Retype only the lines below from the one with "Secondary lock pour Econoseal Male 12 Voies" to the one with "Bedroom 4, Embarben", inclusive, skipping every image.

> **RECORDS SUPPLIED**:
*-*-*

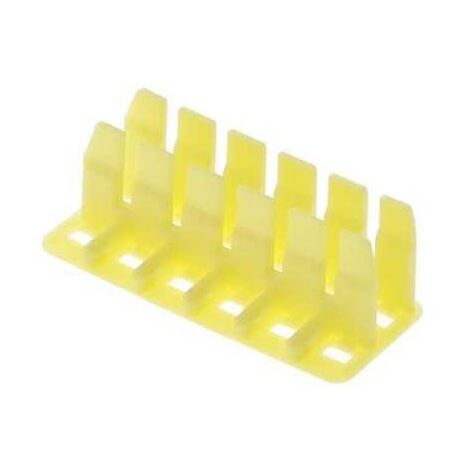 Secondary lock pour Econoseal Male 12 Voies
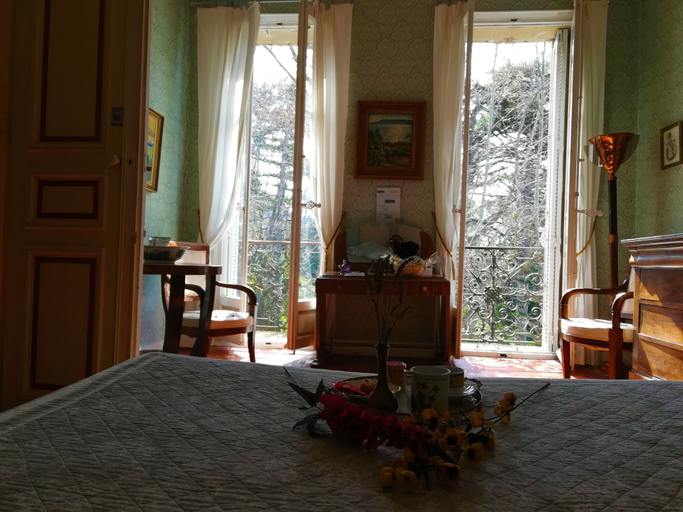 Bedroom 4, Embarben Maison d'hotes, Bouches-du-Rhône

*-*-*

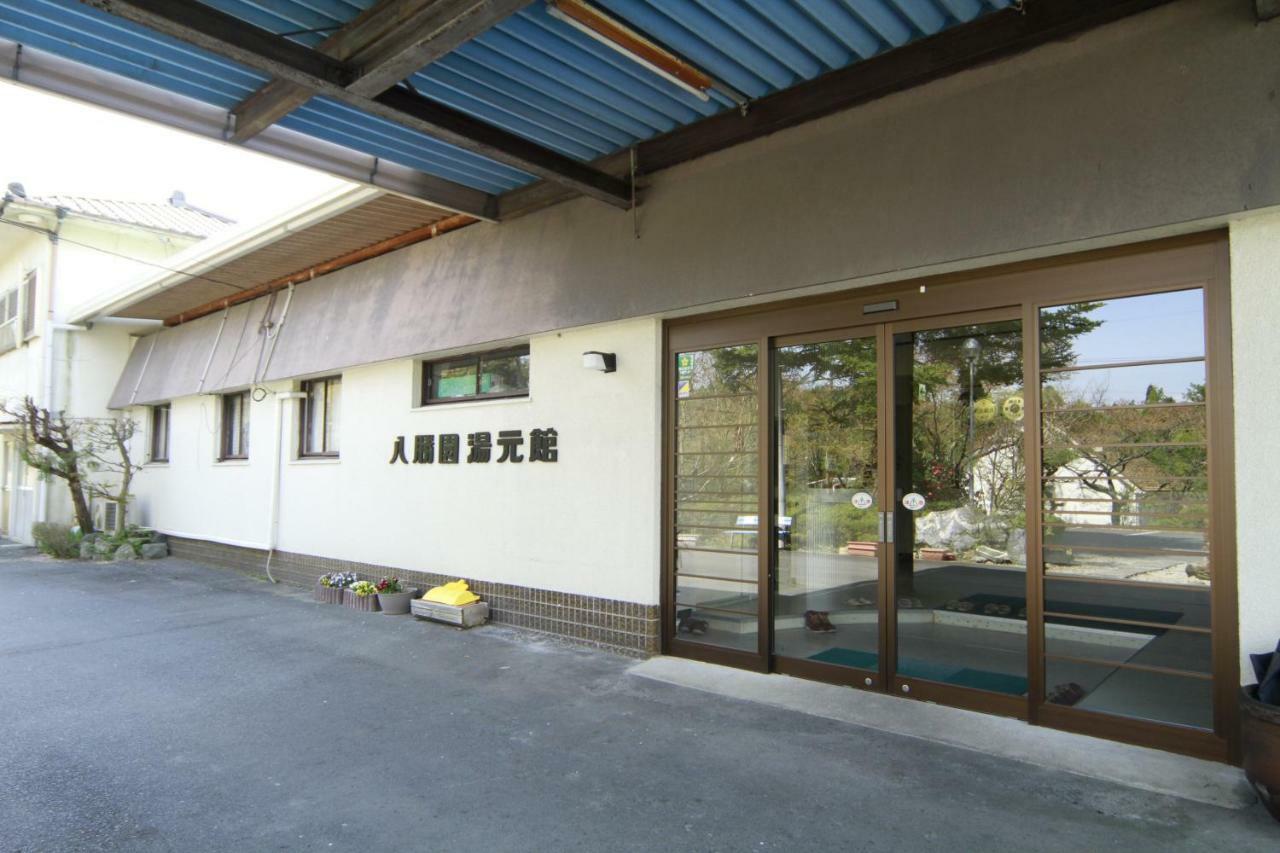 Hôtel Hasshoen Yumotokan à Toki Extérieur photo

*-*-*

> **YOUR RESPONSE**:
 Secondary lock pour Econoseal Male 12 Voies
 Bedroom 4, Embarben Maison d'hotes, Bouches-du-Rhône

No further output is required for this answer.